Streetside news racks — those ubiquitous metal or plastic boxes that dispense newspapers and informational publications of all types — may seem an anachronism in the high-tech Internet era.

But in fact they remain a significant method of distributing news and information to Americans — a handy, reliable news source for busy commuters, quick-stop shoppers and millions of those still without or who just don’t want regular Web access. For lower-income citizens, those simple machines are a convenient and affordable method of getting the news on a regular basis.
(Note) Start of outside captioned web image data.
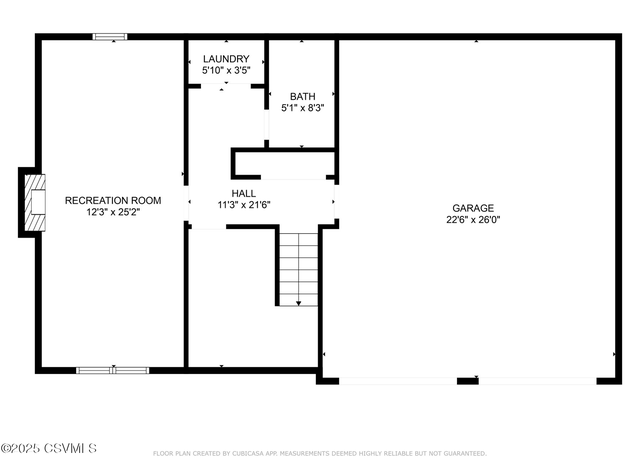 Property at 722 Bogar Dr, Selinsgrove, PA 17870, 3 beds, 2 baths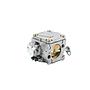 Carburador para Motosierra Husqvarna Serie 61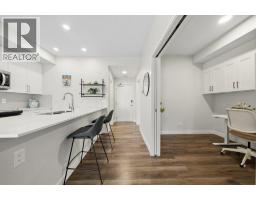 224, 255 Les Jardins Park Se, Calgary, AB T2C5W9 Photo 8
And for all Americans, these modest news dispensers are a constitutionally protected — and economically important — element of a free press. The right to publish without government control must include the same freedom to distribute without government restraint — and that distribution has to be free to be economically viable or it’s just another method of censorship.

Put another way, using yet another freedom under the First Amendment, of what true value is freedom of speech without the freedom to be heard?

Weather, vandals and the occasional errant motorist pose regular threats to these free-standing vendors. But occasionally, the danger comes from another source:  local officials concerned with issues ranging from pedestrian safety to street-level beautification efforts to finding new sources of revenue.

The latest flap comes in Nashville, Tenn., where on May 16 Mayor Bill Purcell vetoed a Metro Council proposal to make 20-plus local publishers pay fees and maintain news racks in order to place them on Music City street corners and other locations.

Purcell cited First Amendment concerns in his veto message, calling the ordinance “an abridgement of a free press.” Courts have upheld some ordinances that affect news racks as an “incidental” part of their purpose — such as laws creating historical zones where such racks did not exist in the designated era. But from local courtrooms to the U.S. Supreme Court, from Lakewood, Ohio, to Atlanta to Cincinnati and beyond, judges have held that municipalities do not have unfettered power over how we receive our news, or what kind of news we get, from news racks.

In Nashville, rack regulators would charge a $50 initial fee and a $10 annual fee thereafter, which on its face appears to make the ordinance a money-raising proposal. But the sponsor of the bill speaks more of eliminating sidewalk clutter, making removal or prevention the focus. So the fees seem more a means of restriction and regulation rather than a method for revenue.

A hallmark of American law and constitutional protection is that government does not have the power of “prior restraint” on the things Americans write and publish. But that protection falls short if citizens don’t have ready access to what is written and published.

In that vein, it’s not a stretch to say the same logic that wouldn’t permit the government to prevent The New York Times and Washington Post from publishing news of the Pentagon Papers won’t accept legislation intended to choke off access to a free press on a public street.

It would seem common sense that news racks that block pedestrians from using city sidewalks simply could be relocated off to the side, and that poorly maintained boxes would be dealt with voluntarily. Whose business wants to be associated with a shabby and unsightly image? As to abandoned boxes: Well, if there’s no “free press” using the box, there’s no free-press issue.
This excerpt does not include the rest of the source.